Using a photocopied image of your inkjet, simply apply a cut piece of clear contact paper over it.  Cut it to fit over the image by about 1/4" all the way around.  Use the brayer and burnishing tools to get it to stick well.   No air bubbles.   After a soak in water, the paper backing rubs off -  leaving the image on the clear film of the contact paper.  This  shows up well on other substrates: canvas, watercolor or any artist paper, wood or ceramic - anything that contact paper would stick to.


----------



## terri (Jul 6, 2017)

Gary A. said:


> What do you mean by remove/removal?  With layers you can change the opacity of the entire image or specific areas of the image making them lighter.  Again with layers, you can mask specific areas of the image.  I think for what you want ... it can all be done in Photoshop with layers.

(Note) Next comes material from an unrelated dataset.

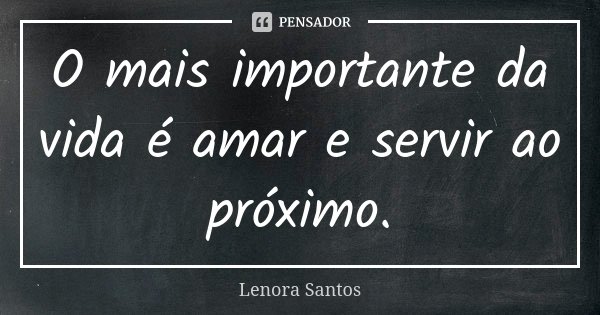 O mais importante da vida é amar e servir ao próximo.... Frase de Lenora Santos.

I think the key word here is "physical":


jcdeboever said:


> I want to remove layers in a physical but gradual manner.


----------



## terri (Jul 6, 2017)

The main issue with the above technique, of course, is that you end up with a piece of contact paper holding your image.    There are a couple other easy things to try with copy paper, though.   You can try using a gel medium.     In this technique, a simple photocopy of your image is taped down to a piece of glass, and then painted over with layers of artist’s acrylic gel medium.    Use a sponge brush and apply several layers, allowing to dry completely in between coats, and of course changing directions with each coat.  

When dried, you again soak the whole thing in water and rub off the paper back, leaving a thin acrylic skin holding your image.   I found it too opaque for my intentions, but it definitely works.    Having that skin holding an image is a pretty close approximation to the old Polaroid emulsion lifts.   

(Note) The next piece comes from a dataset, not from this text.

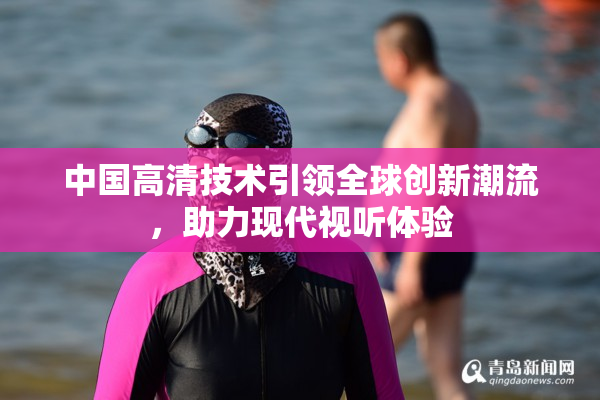 中国高清技术引领全球创新潮流，助力现代视听体验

You can also use solvents over a photocopied image, and get pretty good results.   Youtube is full of tutorials on this (and other) techniques.    The key is to watch them all, listen carefully to each method's strengths and caveats, and figure out which one gives you the best likelihood of success for what YOU want to walk away with at the end.


----------



## jcdeboever (Jul 6, 2017)

Thanks @terri, you understand what I want to do. When I was painting in my last few years, I would do a fairly if not complete painting, then carefully, and methodically remove it's layers while applying transparent washes of white, or pastel color. I used solvents, sandpapers, scrapers, etc. In the end, the original image was a mere but recognizable render. Almost white, gray, or some earthy pastel canvas close up. Move back and the image would appear.


----------



## terri (Jul 6, 2017)

jcdeboever said:


> Thanks @terri, you understand what I want to do. When I was painting in my last few years, I would do a fairly if not complete painting, then carefully, and methodically remove it's layers while applying transparent washes of white, or pastel color. I used solvents, sandpapers, scrapers, etc. In the end, the original image was a mere but recognizable render. Almost white, gray, or some earthy pastel canvas close up. Move back and the image would appear.

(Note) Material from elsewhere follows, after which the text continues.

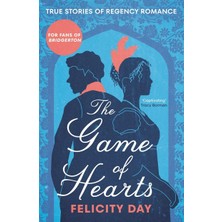 Palmira Demir The Game Of Hearts: True Stories Of Regency Romance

JC: You're an alternative process artist at heart - who knew??!?        What you're describing above sounds like a bromoil matrix, ready to be inked up.   You'd like a lot of photographic alt processes, I bet.   

Do you think you might try some kind of transfer, or is there something else you're exploring?


----------



## jcdeboever (Jul 6, 2017)

terri said:


> jcdeboever said:
> 
> 
> > Thanks @terri, you understand what I want to do. When I was painting in my last few years, I would do a fairly if not complete painting, then carefully, and methodically remove it's layers while applying transparent washes of white, or pastel color. I used solvents, sandpapers, scrapers, etc. In the end, the original image was a mere but recognizable render. Almost white, gray, or some earthy pastel canvas close up. Move back and the image would appear.
> ...


I'll try transfer. I'm also considering using pigmented beeswax over the gesso lift.  I'm also considering pulling as opposed to pushing. You got me thinking a lot.


----------



## terri (Jul 6, 2017)

Whatever you conjure up, be sure to post it over in the Alternative Process forum.    This kind of experimentation is exactly what it's for!


----------



## webestang64 (Jul 9, 2017)

A few things I've done over the years.

I've used rubber cement on RC prints in the darkroom to "erase" part of the image. Develop and peal. 
I've also used a paint brush in the darkroom to "paint" the developer on the RC paper. Very cool effects.
I've pushed film like Ilford 3200 to 25000 ISO


----------